In a recent interview, Corden addresses the overwhelming, ever-growing response to the series, his love of the stage, his gratifying experience hosting the 2016 Tony Awards, and more.
As a first-time talk show host, with just 18 months of The Late Late Show under your belt, the show has received four Emmy nominations. Does it feel like a validation?
It’s thrilling, isn’t it? I was so prepared for disappointment because, historically, it’s always been a show that’s been overlooked. We’re sort of in our infancy as a show, so to be rewarded in such a fashion—it’s just so far past what I thought. The restrictions of our budget and the restrictions of our time slot mean we have to take our swings at such delicate moments, and we have to try our best at every point. What’s great is to be making a show like this where the Internet is around—the great thing about the Internet is that it’s a completely fair and level playing field. There’s no big sports game, there’s no lead-in, there’s no nothing. The cream will just rise to the top—the stuff that’s good, the stuff that will get shared. That’s great for us, and for our show, and you hope in your heart that those things will cross through to Emmy voters. And it’s such a wonderful thing—that it has done.
As a Tony-winning actor with a great deal of stage experience, how does the experience of performing these shows before a live audience—in the studio and across the world—compare?
I’ve been lucky enough that in the UK, I’ve done shows that have aired once a week. I make a show there that runs seasonally, and we make one episode a week, and that is great—the value of time. You can really think and finesse what you want to do. And at the other end of the scale is Broadway, where you’re doing it eight times a week, but once it’s up and rehearsed, it’s done. The play I was doing, One Man, Two Guvnors, was just brutal. And then in the middle here is the notion of making four original hours, where you have your taped bits that you’re going to do, you’ve got the guests, so it’s always different every night. But I enjoy, always, the feeling of being in front of an audience.
From 2015 to now, your staff has grown from three people to 90-plus. What has this progression meant for you, and for the show?

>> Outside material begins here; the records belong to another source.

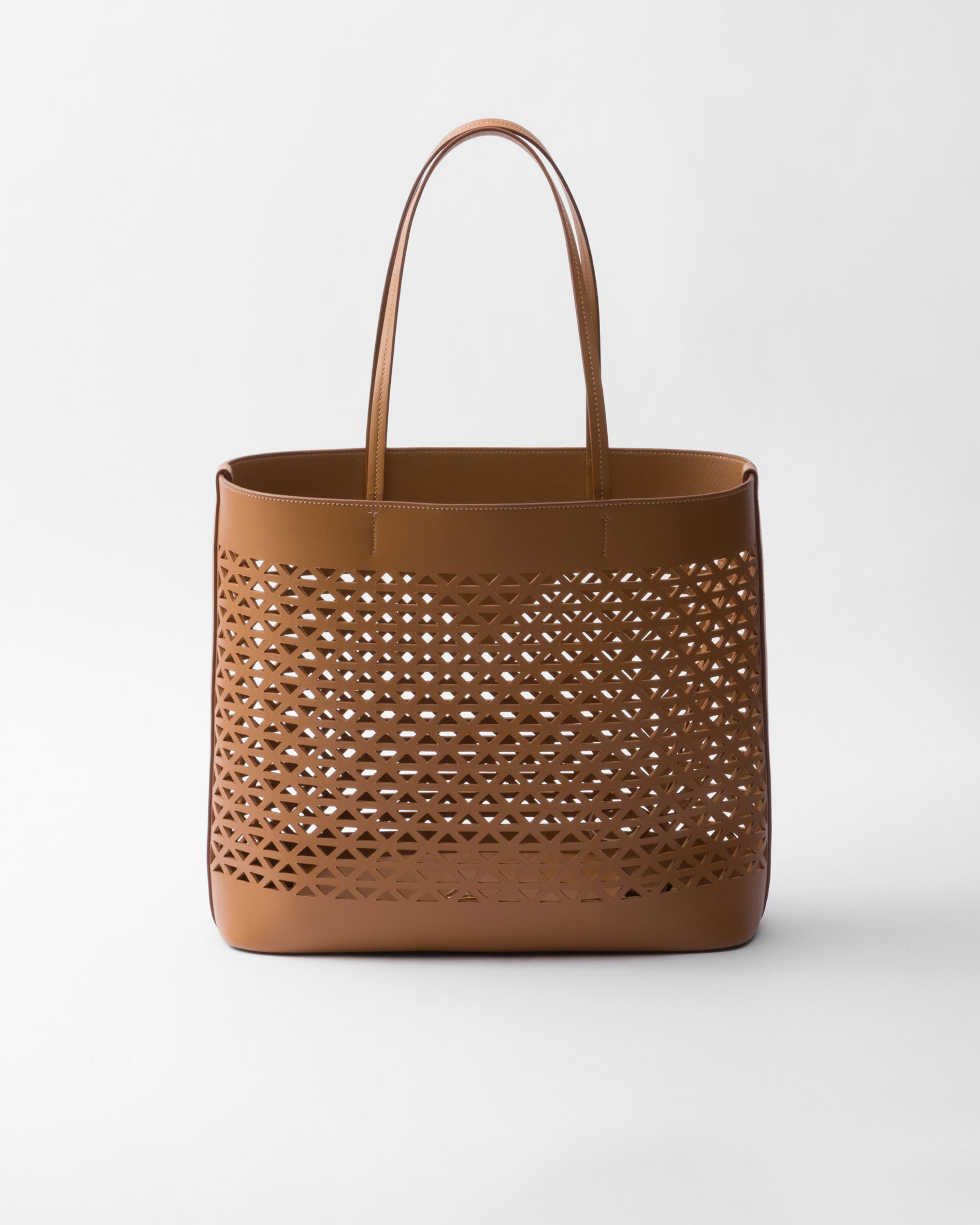 バッグ PRADA Black Perforated Leather Tote Bag Prada City Perforated Leather Tote Bag - Bergdorf Goodman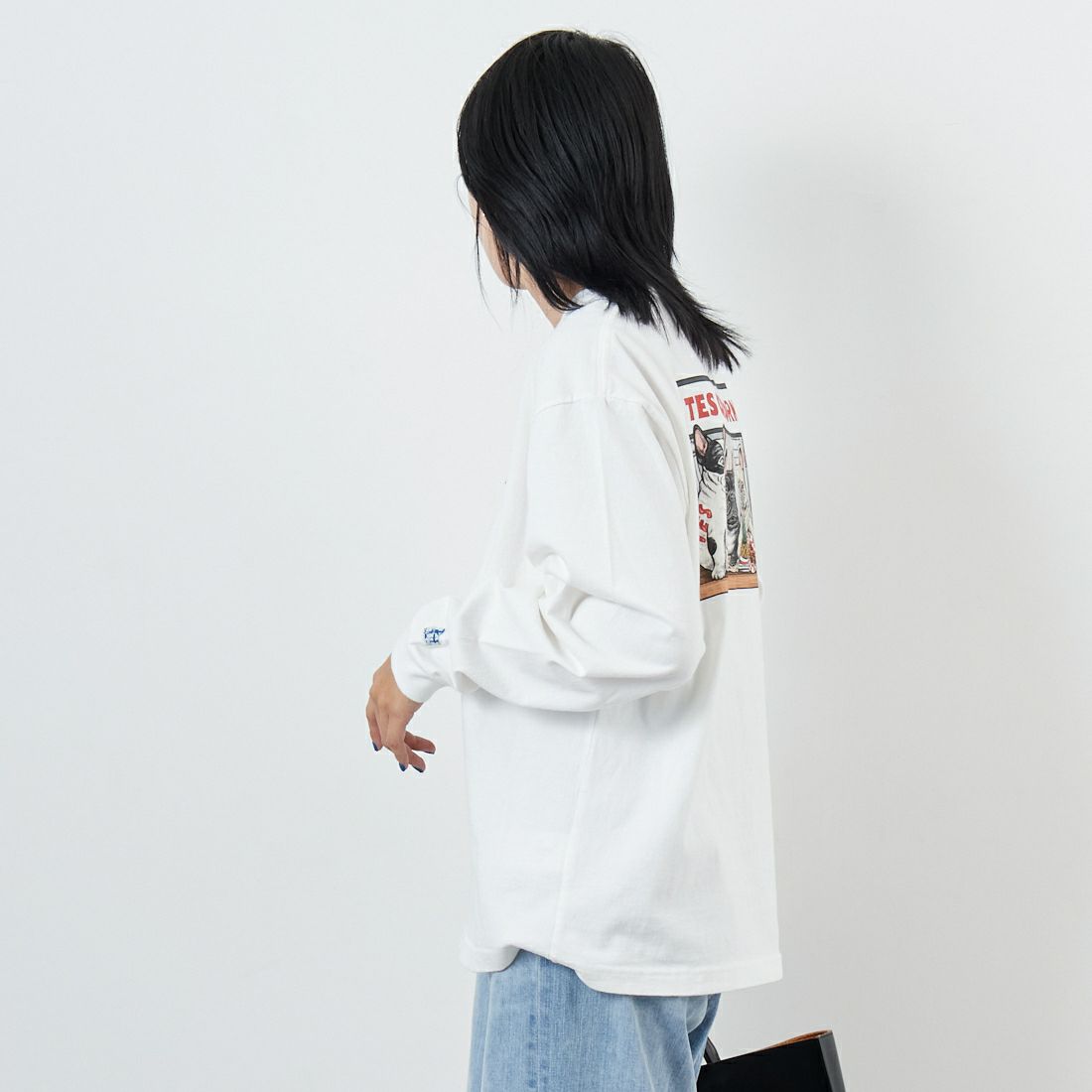 The Endless Summer [エンドレスサマー] CALIFORNIA PIZZA DINER ロングスリーブTシャツ [FH-25774328] 07 WHITE &&モデル身長：167cm 着用サイズ：S&&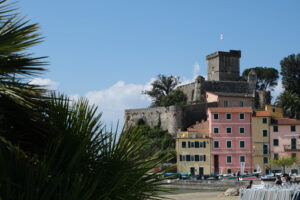 San Terenzo Castle in Lerici. Photo of a small castle by the sea. Blue sky with clouds and blue sea. - MyVideoimage.com | Foto stock & Video footage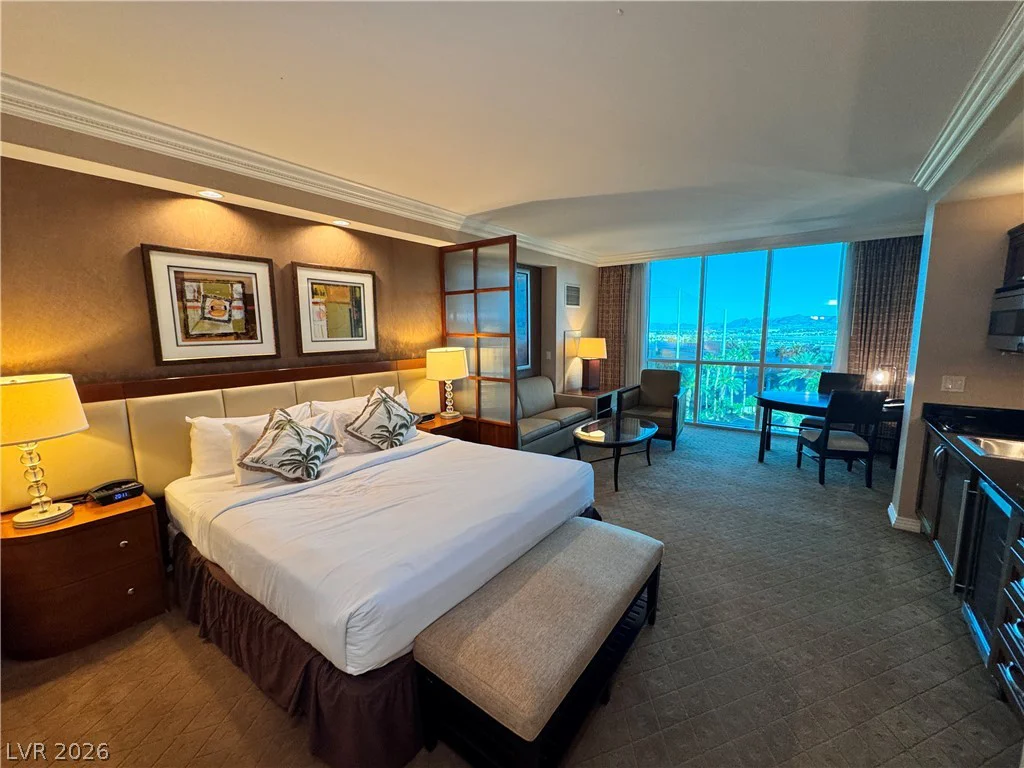 135 Harmon, Las Vegas, NV 89109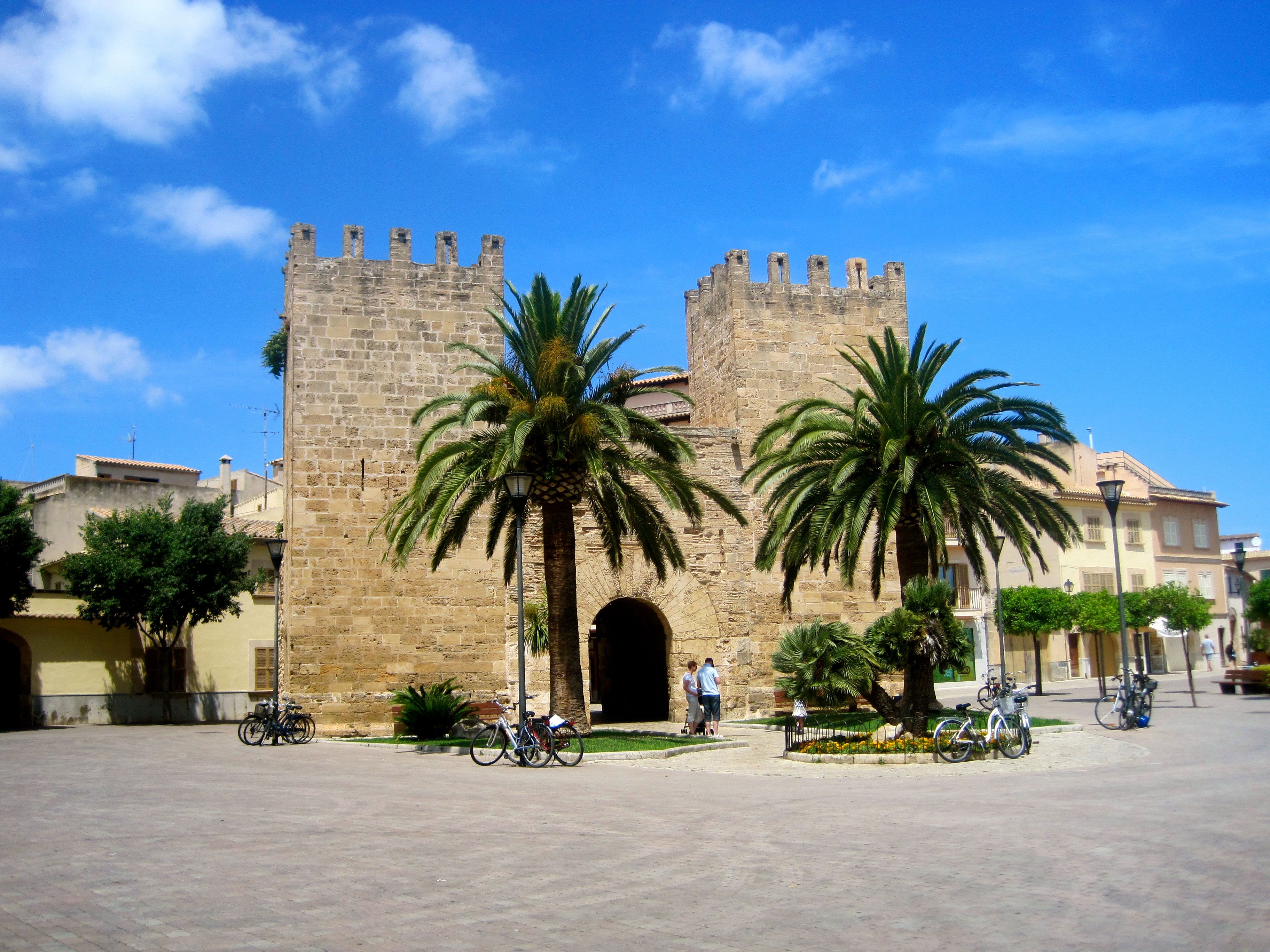 https://mdw-travel-data-us-east-1.s3.amazonaws.com/img/country/Spain/Alcudia-Old-Town/img_00.jpg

We had 10 weeks from landing in Los Angeles to airing our first show, which is a stupidly small amount of time to launch a show, particularly with a host who’s never done it before. You’ve got to hire your entire staff, you’ve got to design and build a set, you’ve got to find your band, and you’ve got to find, tonally, what your show is and stands for. It’s why, historically, these shows often will take time to find their feet. We were always painfully aware that we wouldn’t have that luxury of time, because I hadn’t just left Saturday Night Live; I hadn’t been on a big sitcom. As much as our show has evolved today from what it was, I think tonally, it still feels kind of in the same place, because we knew we had to find that quick. So 10 weeks is a tough amount of time, but sometimes it’s quite good if you feel yourself backed into a corner, because you don’t have time to dither in any way.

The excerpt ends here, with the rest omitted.